On Tue, Jul 14, 2020 at 4:54 PM Bjorn Andersson bjorn.andersson@linaro.org wrote:
On Tue 14 Jul 15:13 PDT 2020, Rob Herring wrote:
On Tue, Jul 14, 2020 at 10:33 AM Jeffrey Hugo jeffrey.l.hugo@gmail.com wrote:
On Mon, Jul 13, 2020 at 5:50 PM Doug Anderson dianders@chromium.org wrote:
Hi,
On Mon, Jul 13, 2020 at 1:25 PM Rob Herring robh+dt@kernel.org wrote:
On Mon, Jul 13, 2020 at 9:08 AM Doug Anderson dianders@chromium.org wrote:
Hi,
On Mon, Jul 13, 2020 at 7:11 AM Rob Herring robh+dt@kernel.org wrote: > > On Fri, Jul 10, 2020 at 5:02 PM Douglas Anderson dianders@chromium.org wrote: > > > > I found that if I ever had a little mistake in my kernel config, > > or device tree, or graphics driver that my system would sit in a loop > > at bootup trying again and again and again. An example log was: > > Why do we care about optimizing the error case?

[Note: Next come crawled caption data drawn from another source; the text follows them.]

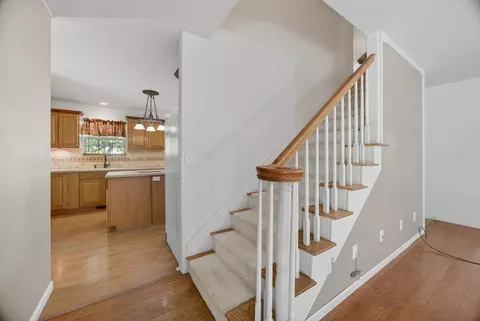 Entry Way - 928 Julian St, Marshfield, MO 65706 photo 6 of 10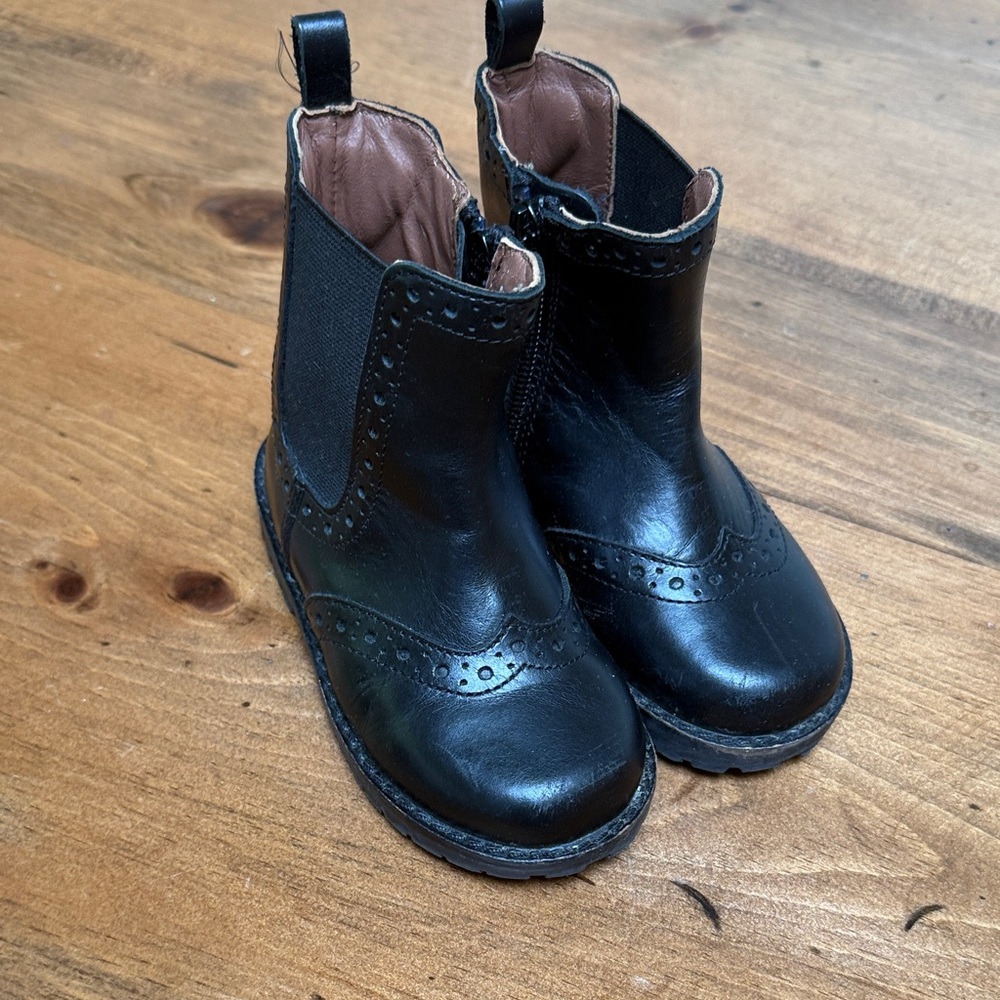 Zara Black Kids Chelsea Brogue Boots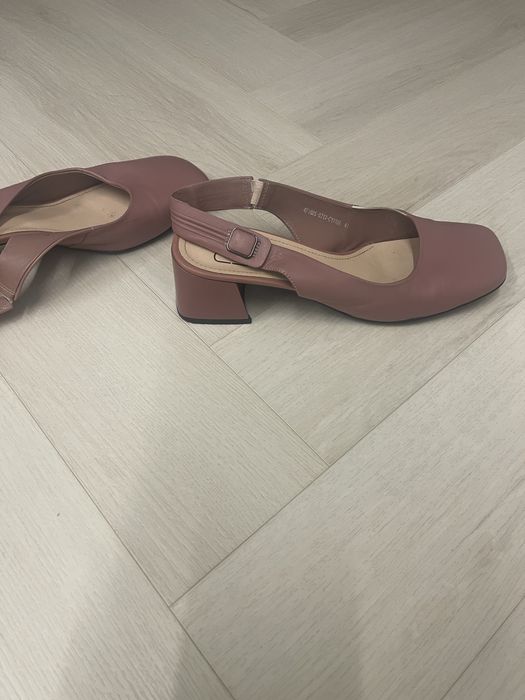 Женская обувь в хорошем состоянии кожа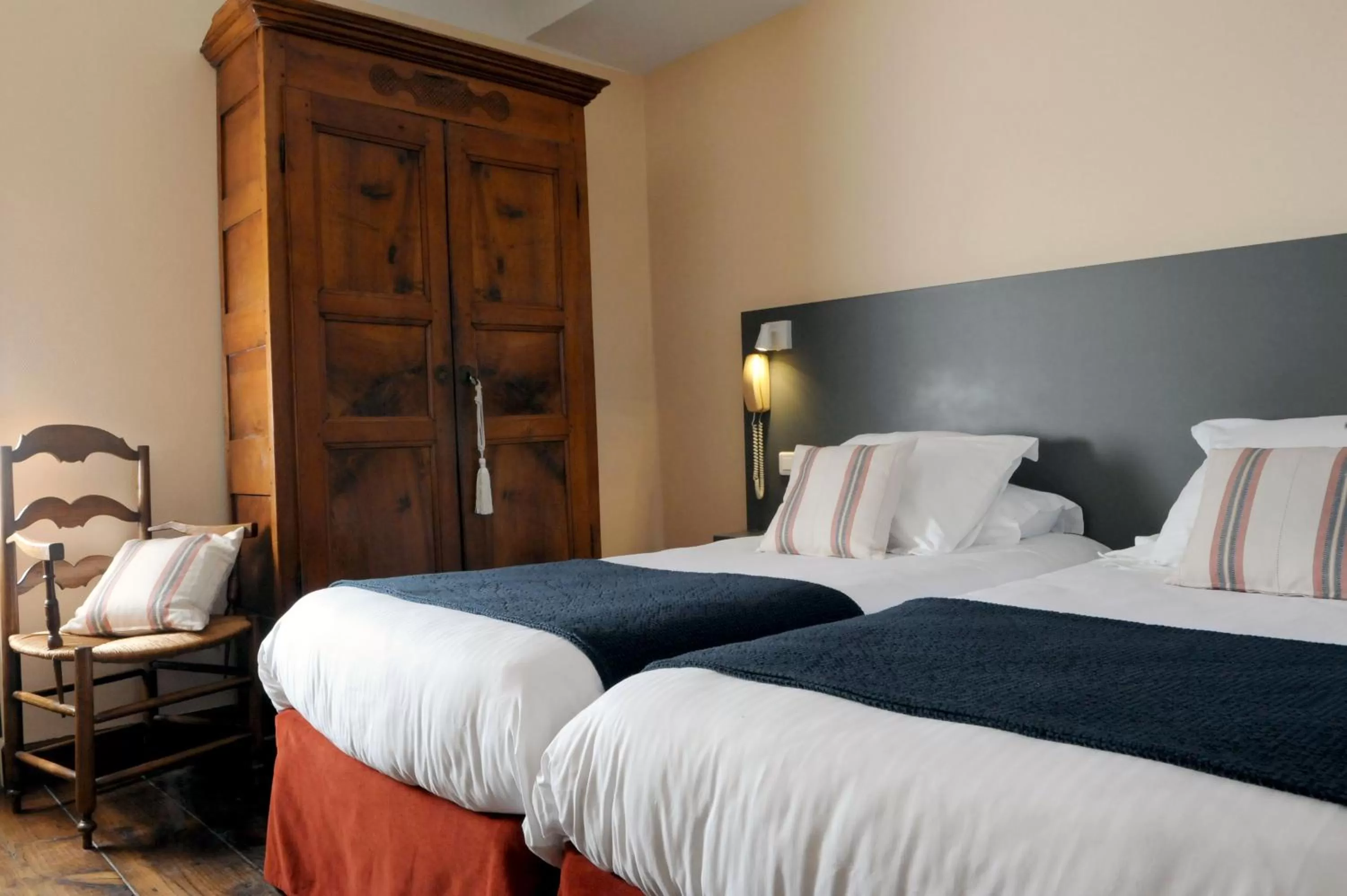 Bed in Logis Hôtel du Chêne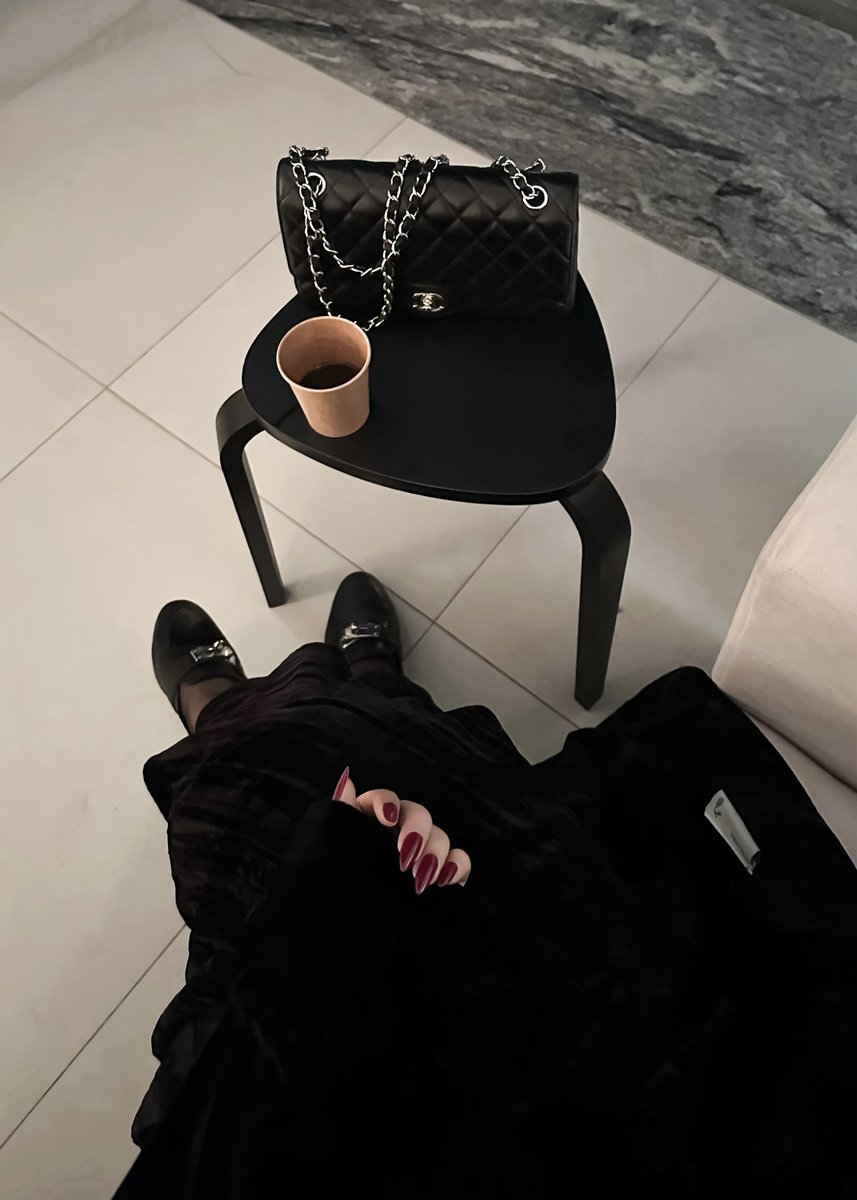 __ath's tweet photo. أرق من ريح الصبا، واحـلا من التمر الخلاص
واطهر من مزون الوسم ، وانّبل من الوجه الخجل https://t.co/eb6bwzmBAQ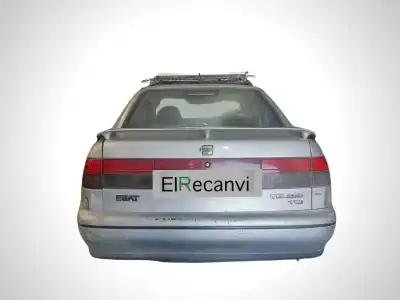 Véhicule à la ferraille seat toledo (1m2) select de l'année 2001 alimenté afn Véhicule à la ferraille seat toledo (1m2) select de l'année 2001 alimenté afn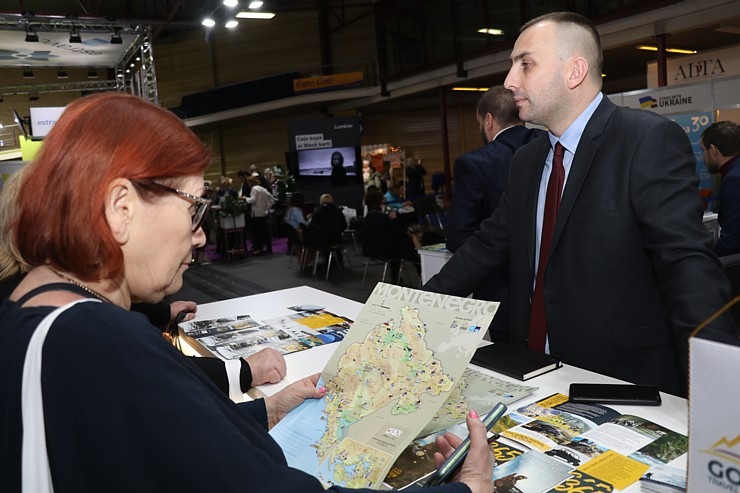 Tūrisma profesionāļi konsultāciju un pārdošanas procesā tūrisma izstādē «Balttour 2023» 332666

It actually results in a _fully_ infinite loop. That is: if anything small causes a component of DRM to fail to probe then the whole system doesn't boot because it just loops trying to probe over and over again. The messages I put in the commit message are printed over and over and over again.
Sounds like a bug as that's not what should happen.
If you defer during boot (initcalls), then you'll be on the deferred list until late_initcall and everything is retried. After late_initcall, only devices getting added should trigger probing. But maybe the adding and then removing a device is causing a re-trigger.
Right, I'm nearly certain that the adding and then removing is causing a re-trigger. I believe the loop would happen for any case where we have a probe function that:
- Adds devices.
- After adding devices it decides that it needs to defer.
- Removes the devices it added.
- Return -EPROBE_DEFER from its probe function.
Specifically from what I know about how -EPROBE_DEFER works I'm not sure how it wouldn't cause an infinite loop in that case.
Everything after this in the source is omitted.